As memorably chronicled by historians such as Sir Keith Feiling, modern Toryism had its roots in the confrontation between Charles I and Parliament from around 1640. It did not develop a party organisation and identity until four decades later. The first written testimony to the phenomenon was recorded in an entry in the diary of Oliver Heywood, an English Presbyterian divine and controversialist, on 24 October, 1681: “A gentleman… had a red Ribband in his hat… he said it signifyed that he was a Tory, whats that sd. she? he ans. an Irish Rebel… I hear further since that… instead of Cavalier and Roundhead, now they are called Torys and Wiggs.”
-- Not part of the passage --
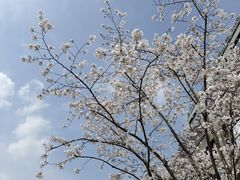 -杭州湖滨in77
As that account shows, the Exclusion Bill crisis of 1679-81, when the heirs of the Cromwellians attempted to exclude the Duke of York, later James II, from the throne on account of his Catholic faith, led their enemies to deride the latter-day Cavaliers as “Irish Papist rebels” – the implication of the Irish word tóiridhe – while they responded by mocking the Exclusionists as Whiggamores, meaning Scottish Covenanting rebels. In Scotland, until well into the 18th century, the Tories retained their old name as the Cavalier Party.
Until very recently, speculation about the demise of the Tory Party was rare and virtually unknown on mainstream platforms. Tellingly, however, some commentators have begun to canvass the possibility of electoral wipe-out and the emergence of an alternative conservative party. One such piece appeared recently in The Telegraph. On 17 November, Professor Robert Tombs wrote an interesting analysis headed: “The unbreakable Tory alliance between Court and Country is finally shattering.”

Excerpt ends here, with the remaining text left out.